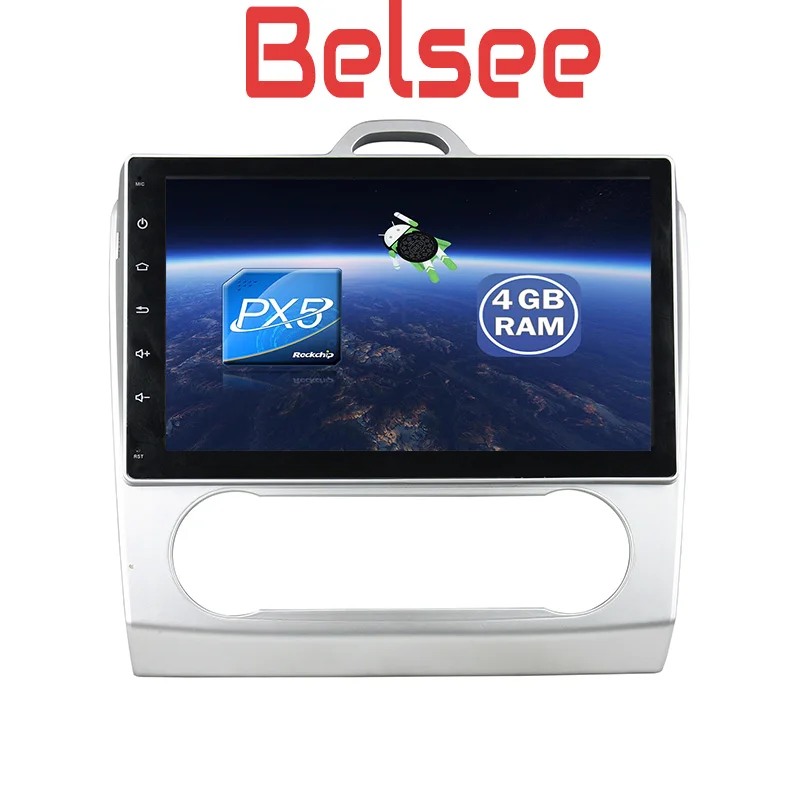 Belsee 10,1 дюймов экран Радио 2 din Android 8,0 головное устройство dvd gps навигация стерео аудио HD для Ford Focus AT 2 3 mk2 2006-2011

---------------

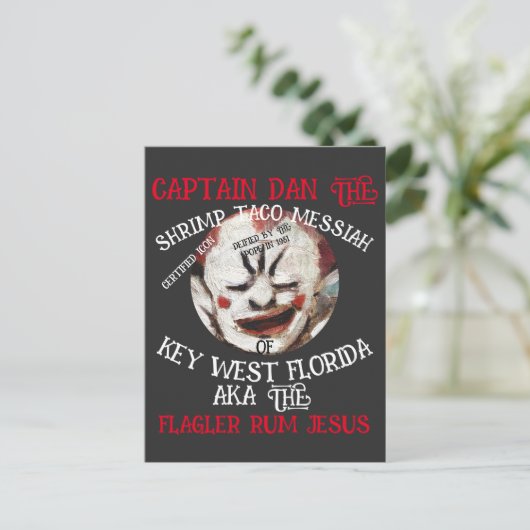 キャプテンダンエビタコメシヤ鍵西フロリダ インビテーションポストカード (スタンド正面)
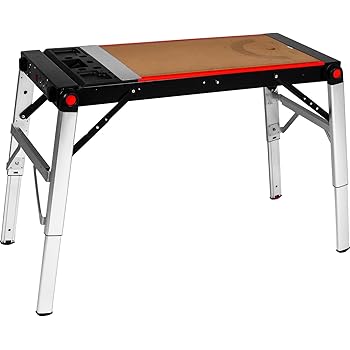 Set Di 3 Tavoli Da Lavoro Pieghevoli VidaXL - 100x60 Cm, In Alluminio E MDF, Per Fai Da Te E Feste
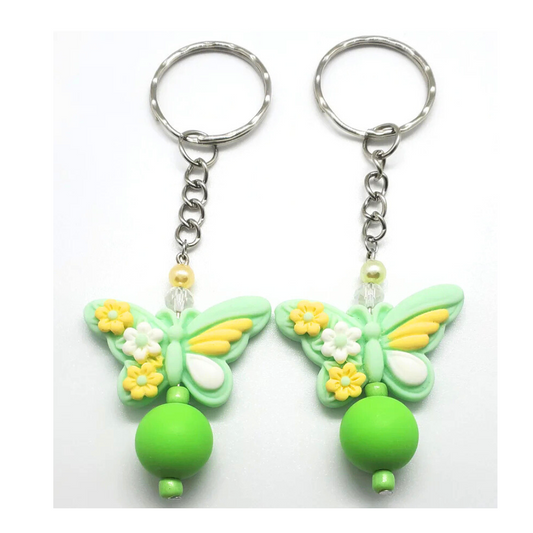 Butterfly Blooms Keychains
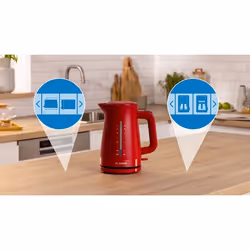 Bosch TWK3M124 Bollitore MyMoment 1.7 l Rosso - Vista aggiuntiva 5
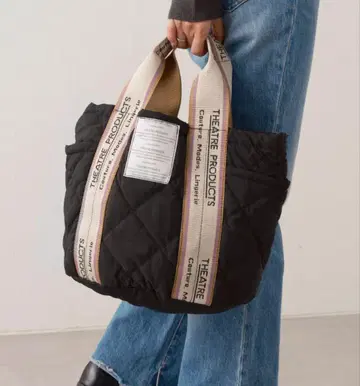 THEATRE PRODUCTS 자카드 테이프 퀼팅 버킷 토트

---------------

I would like the exact lines from the data above, starting with the one that holds "Butterfly Blooms Keychains" and going on through the one that holds "THEATRE PRODUCTS 자카드 테이프 퀼팅 버킷 토트", without the pictures.

FINISHED TASK:
 Butterfly Blooms Keychains
 Bosch TWK3M124 Bollitore MyMoment 1.7 l Rosso - Vista aggiuntiva 5
 THEATRE PRODUCTS 자카드 테이프 퀼팅 버킷 토트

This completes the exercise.